Answer. The U.S.-Canada Power System Outage Task Force's
investigation has found no particular linkage between the restructuring
of the industry and the blackout. The August 14 blackout was caused by:
An insufficiency of reactive power resources in the
Cleveland-Akron area;
Inadequate situational awareness in FirstEnergy's control
room after its energy management system lost some critical
functions;
Inadequate management by FirstEnergy of electrical
clearances for transmission lines in its right-of-way areas;
Inadequate diagnostic assistance of FirstEnergy's problems
on August 14, 2003, by MISO and PJM.
The identified deficiencies in specific practices, equipment, and
human decisions could have occurred anywhere in the United States, and
are not indicative of any problems with a particular regulatory
structure. Further, many of the causes of the August 14, 2003, blackout
were similar to the causes of blackouts preceding restructuring of the
electricity industry.
Question 2. Does the Administration have a consistent position on
the time-frame for implementation of the Standard Market Design?

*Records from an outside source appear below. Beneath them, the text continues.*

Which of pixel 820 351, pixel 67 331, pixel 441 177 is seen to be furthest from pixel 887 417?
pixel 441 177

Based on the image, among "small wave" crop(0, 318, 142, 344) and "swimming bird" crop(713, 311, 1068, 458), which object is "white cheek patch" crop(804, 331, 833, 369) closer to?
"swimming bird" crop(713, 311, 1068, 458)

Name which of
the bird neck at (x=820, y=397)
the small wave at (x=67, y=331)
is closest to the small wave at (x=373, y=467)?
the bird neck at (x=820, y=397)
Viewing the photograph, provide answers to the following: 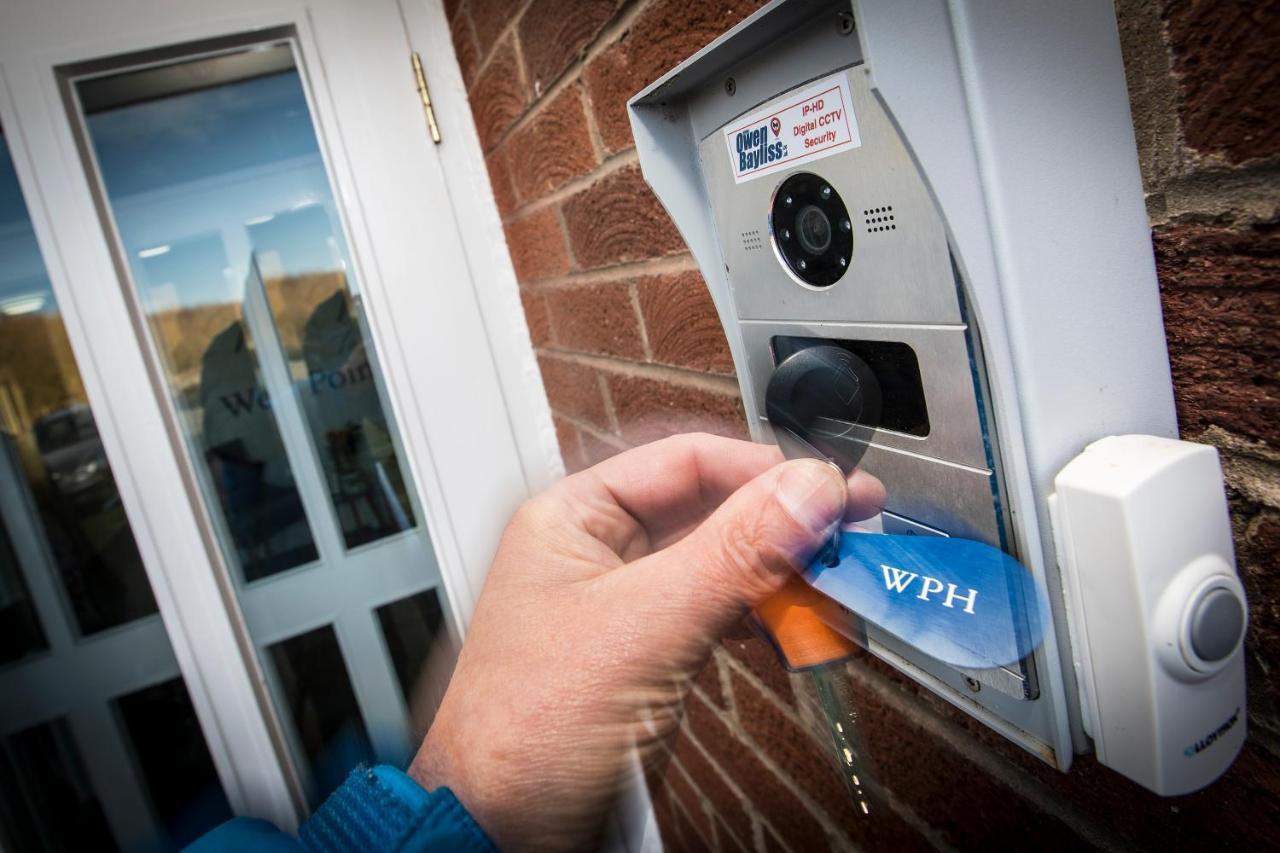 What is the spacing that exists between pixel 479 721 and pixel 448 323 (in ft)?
2.49

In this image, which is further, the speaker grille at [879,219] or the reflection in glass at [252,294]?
the reflection in glass at [252,294]

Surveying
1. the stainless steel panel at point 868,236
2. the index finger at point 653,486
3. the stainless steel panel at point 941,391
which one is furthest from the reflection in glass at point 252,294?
the stainless steel panel at point 941,391

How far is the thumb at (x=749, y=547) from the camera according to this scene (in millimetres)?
436

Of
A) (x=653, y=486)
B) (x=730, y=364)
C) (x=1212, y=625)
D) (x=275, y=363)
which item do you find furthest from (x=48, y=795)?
(x=1212, y=625)

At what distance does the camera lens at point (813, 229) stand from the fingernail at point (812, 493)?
12 cm

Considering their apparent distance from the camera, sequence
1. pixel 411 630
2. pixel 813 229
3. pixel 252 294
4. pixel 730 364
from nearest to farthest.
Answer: pixel 813 229, pixel 730 364, pixel 252 294, pixel 411 630

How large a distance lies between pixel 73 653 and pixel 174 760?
27 cm

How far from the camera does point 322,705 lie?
137 centimetres

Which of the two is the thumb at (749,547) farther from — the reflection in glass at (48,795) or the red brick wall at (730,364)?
the reflection in glass at (48,795)

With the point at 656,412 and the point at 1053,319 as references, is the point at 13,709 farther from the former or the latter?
the point at 1053,319

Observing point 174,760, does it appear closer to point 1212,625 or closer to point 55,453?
point 55,453

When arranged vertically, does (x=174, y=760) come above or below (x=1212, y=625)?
below

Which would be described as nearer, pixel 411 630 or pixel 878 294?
pixel 878 294

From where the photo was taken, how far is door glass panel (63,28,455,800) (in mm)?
1169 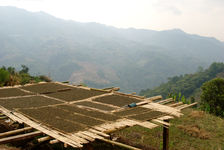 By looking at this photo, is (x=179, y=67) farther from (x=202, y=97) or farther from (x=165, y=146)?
(x=165, y=146)

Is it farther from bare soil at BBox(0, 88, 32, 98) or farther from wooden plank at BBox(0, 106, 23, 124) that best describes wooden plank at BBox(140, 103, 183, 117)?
bare soil at BBox(0, 88, 32, 98)

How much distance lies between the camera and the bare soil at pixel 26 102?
5.98 m

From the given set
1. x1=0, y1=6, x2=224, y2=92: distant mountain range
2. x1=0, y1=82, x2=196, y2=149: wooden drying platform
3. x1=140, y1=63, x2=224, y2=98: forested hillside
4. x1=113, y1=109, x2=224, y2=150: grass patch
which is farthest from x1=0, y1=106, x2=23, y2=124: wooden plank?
x1=0, y1=6, x2=224, y2=92: distant mountain range

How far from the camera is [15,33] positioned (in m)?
145

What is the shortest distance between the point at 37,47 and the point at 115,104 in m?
134

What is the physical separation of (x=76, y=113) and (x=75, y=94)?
2195mm

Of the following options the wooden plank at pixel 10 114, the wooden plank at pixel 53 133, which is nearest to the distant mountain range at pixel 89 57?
the wooden plank at pixel 10 114

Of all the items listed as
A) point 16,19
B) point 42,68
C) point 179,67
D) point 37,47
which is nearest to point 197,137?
point 42,68

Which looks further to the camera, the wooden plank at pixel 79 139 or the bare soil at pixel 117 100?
the bare soil at pixel 117 100

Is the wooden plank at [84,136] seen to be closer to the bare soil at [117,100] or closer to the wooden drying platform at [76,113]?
the wooden drying platform at [76,113]

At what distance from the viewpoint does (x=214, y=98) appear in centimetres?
1456

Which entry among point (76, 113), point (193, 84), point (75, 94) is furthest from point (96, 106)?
point (193, 84)

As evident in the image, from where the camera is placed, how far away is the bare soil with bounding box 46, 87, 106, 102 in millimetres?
7043

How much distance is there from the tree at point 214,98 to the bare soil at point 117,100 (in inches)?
352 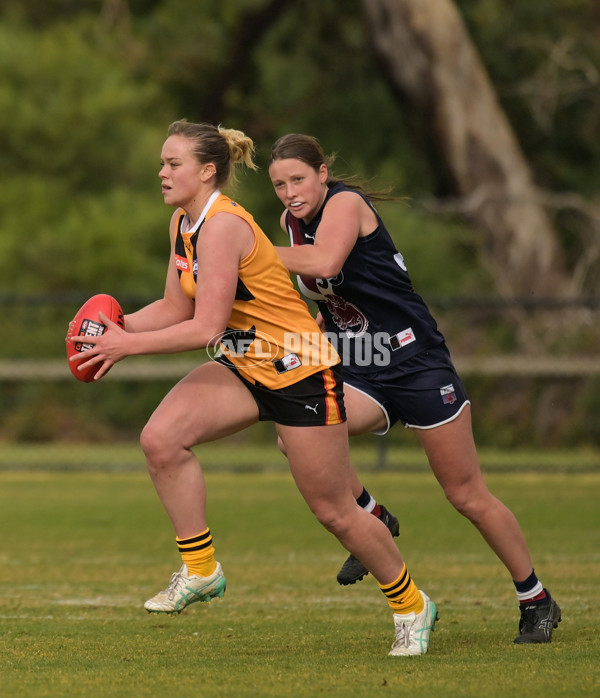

Answer. The incomplete transition to a restructured industry poses
one of the greatest challenges facing the electricity system today. The
transmission infrastructure is too vital to our Nation to leave in an
extended state of uncertainty. Some components of the Standard Market
Design are a high priority. For instance, the formation of regional
transmission organizations (RTOs) offers tremendous benefits, and must
be completed soon to meet regional challenges and maintain reliability.
However, the Administration also acknowledges the need to be flexible
to accommodate regional needs and differences. Therefore, it is very
difficult to give an exact time-frame for implementation since
timelines will vary region by region.